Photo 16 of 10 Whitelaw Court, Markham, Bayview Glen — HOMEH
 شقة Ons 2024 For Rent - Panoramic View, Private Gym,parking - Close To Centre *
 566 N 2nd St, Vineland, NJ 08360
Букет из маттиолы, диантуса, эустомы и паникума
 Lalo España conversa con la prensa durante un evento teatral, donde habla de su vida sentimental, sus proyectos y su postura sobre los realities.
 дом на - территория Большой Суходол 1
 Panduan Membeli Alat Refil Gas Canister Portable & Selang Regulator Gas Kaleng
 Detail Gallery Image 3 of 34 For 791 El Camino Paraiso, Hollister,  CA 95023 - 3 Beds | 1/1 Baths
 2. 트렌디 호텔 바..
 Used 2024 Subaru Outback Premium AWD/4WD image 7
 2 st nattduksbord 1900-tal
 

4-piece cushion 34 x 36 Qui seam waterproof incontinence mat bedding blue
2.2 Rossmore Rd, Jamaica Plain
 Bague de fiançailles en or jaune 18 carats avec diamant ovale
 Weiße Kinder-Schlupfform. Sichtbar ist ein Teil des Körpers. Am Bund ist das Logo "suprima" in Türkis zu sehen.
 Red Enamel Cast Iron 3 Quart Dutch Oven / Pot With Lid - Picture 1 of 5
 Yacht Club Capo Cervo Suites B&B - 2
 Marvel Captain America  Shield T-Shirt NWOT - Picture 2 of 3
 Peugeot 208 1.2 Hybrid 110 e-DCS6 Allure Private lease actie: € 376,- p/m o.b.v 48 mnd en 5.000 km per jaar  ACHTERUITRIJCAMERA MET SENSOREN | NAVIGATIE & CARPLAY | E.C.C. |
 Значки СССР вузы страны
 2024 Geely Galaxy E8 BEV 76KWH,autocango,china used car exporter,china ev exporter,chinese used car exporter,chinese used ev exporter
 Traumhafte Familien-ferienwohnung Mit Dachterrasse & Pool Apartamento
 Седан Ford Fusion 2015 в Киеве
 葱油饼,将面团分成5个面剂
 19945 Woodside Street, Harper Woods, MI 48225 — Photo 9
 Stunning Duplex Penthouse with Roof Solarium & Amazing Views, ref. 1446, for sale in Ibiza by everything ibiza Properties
##############################
- TASK REQUIREMENTS
Every entry is to be repeated precisely as it stands.

- RESULT OF THE EXERCISE
Photo 16 of 10 Whitelaw Court, Markham, Bayview Glen — HOMEH
 شقة Ons 2024 For Rent - Panoramic View, Private Gym,parking - Close To Centre *
 566 N 2nd St, Vineland, NJ 08360
Букет из маттиолы, диантуса, эустомы и паникума
 Lalo España conversa con la prensa durante un evento teatral, donde habla de su vida sentimental, sus proyectos y su postura sobre los realities.
 дом на - территория Большой Суходол 1
 Panduan Membeli Alat Refil Gas Canister Portable & Selang Regulator Gas Kaleng
 Detail Gallery Image 3 of 34 For 791 El Camino Paraiso, Hollister,  CA 95023 - 3 Beds | 1/1 Baths
 2. 트렌디 호텔 바..
 Used 2024 Subaru Outback Premium AWD/4WD image 7
 2 st nattduksbord 1900-tal
 

4-piece cushion 34 x 36 Qui seam waterproof incontinence mat bedding blue
2.2 Rossmore Rd, Jamaica Plain
 Bague de fiançailles en or jaune 18 carats avec diamant ovale
 Weiße Kinder-Schlupfform. Sichtbar ist ein Teil des Körpers. Am Bund ist das Logo "suprima" in Türkis zu sehen.
 Red Enamel Cast Iron 3 Quart Dutch Oven / Pot With Lid - Picture 1 of 5
 Yacht Club Capo Cervo Suites B&B - 2
 Marvel Captain America  Shield T-Shirt NWOT - Picture 2 of 3
 Peugeot 208 1.2 Hybrid 110 e-DCS6 Allure Private lease actie: € 376,- p/m o.b.v 48 mnd en 5.000 km per jaar  ACHTERUITRIJCAMERA MET SENSOREN | NAVIGATIE & CARPLAY | E.C.C. |
 Значки СССР вузы страны
 2024 Geely Galaxy E8 BEV 76KWH,autocango,china used car exporter,china ev exporter,chinese used car exporter,chinese used ev exporter
 Traumhafte Familien-ferienwohnung Mit Dachterrasse & Pool Apartamento
 Седан Ford Fusion 2015 в Киеве
 葱油饼,将面团分成5个面剂
 19945 Woodside Street, Harper Woods, MI 48225 — Photo 9
 Stunning Duplex Penthouse with Roof Solarium & Amazing Views, ref. 1446, for sale in Ibiza by everything ibiza Properties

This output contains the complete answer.